(The data begins)
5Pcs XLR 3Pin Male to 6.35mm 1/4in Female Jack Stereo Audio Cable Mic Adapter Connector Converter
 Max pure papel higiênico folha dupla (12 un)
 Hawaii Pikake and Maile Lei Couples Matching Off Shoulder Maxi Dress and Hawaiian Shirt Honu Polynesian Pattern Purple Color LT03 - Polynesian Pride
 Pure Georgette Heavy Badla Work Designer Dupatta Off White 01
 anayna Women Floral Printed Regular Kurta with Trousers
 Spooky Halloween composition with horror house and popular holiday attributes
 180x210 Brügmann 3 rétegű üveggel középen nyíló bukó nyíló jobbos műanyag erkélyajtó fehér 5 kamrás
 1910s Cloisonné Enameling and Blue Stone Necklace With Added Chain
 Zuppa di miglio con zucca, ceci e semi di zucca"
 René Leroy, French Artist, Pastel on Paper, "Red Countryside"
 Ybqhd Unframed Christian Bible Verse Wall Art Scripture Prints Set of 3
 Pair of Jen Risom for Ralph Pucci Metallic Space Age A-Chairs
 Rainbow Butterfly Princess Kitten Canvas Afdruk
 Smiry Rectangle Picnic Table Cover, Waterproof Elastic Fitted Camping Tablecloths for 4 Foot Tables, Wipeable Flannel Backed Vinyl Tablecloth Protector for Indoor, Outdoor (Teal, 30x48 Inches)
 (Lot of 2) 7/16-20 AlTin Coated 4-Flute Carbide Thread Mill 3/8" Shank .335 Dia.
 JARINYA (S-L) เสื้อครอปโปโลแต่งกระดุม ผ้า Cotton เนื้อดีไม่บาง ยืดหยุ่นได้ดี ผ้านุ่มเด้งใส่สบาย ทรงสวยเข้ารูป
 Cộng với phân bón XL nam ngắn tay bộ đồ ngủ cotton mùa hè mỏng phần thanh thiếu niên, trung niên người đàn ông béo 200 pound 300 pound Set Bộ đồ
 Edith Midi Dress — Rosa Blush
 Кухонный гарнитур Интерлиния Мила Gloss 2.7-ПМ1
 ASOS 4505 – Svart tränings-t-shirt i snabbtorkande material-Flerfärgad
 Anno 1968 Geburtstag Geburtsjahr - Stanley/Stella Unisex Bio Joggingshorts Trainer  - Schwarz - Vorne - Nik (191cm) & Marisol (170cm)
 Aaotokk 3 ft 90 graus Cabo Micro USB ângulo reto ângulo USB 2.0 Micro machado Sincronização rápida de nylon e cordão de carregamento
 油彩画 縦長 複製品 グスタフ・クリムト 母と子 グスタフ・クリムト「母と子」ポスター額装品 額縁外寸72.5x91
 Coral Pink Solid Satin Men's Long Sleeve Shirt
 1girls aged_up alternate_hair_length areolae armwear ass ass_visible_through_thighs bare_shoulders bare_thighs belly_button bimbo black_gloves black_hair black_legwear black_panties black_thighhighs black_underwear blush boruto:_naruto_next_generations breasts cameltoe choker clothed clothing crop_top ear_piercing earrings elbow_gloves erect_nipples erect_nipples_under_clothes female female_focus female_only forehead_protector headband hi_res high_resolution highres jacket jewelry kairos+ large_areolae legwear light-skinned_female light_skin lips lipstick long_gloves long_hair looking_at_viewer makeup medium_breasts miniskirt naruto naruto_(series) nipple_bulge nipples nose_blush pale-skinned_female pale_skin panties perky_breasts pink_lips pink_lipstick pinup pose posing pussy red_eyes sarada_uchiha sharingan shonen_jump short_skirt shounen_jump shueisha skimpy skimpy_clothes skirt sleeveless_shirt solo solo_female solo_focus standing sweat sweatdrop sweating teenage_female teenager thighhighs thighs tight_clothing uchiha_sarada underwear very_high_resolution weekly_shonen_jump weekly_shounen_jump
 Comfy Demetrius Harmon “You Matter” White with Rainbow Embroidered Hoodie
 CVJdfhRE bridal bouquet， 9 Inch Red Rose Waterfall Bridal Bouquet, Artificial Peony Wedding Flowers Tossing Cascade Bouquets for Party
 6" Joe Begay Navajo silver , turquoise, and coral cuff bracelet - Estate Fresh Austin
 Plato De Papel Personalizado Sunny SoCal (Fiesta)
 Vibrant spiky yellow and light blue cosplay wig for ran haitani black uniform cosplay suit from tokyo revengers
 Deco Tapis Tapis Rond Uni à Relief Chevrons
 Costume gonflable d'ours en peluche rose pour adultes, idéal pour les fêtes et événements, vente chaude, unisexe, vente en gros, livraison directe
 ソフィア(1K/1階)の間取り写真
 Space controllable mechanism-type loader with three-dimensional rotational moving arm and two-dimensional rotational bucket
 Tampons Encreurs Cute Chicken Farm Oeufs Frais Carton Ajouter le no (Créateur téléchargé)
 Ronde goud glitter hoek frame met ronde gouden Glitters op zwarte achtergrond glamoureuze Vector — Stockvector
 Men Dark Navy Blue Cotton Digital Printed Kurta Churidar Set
(The data ends)
- _Task description_:
A line qualifies when it holds the word "Kurta"; report all qualifying lines from the records above.

- _Exercise response_:
 anayna Women Floral Printed Regular Kurta with Trousers
 Men Dark Navy Blue Cotton Digital Printed Kurta Churidar Set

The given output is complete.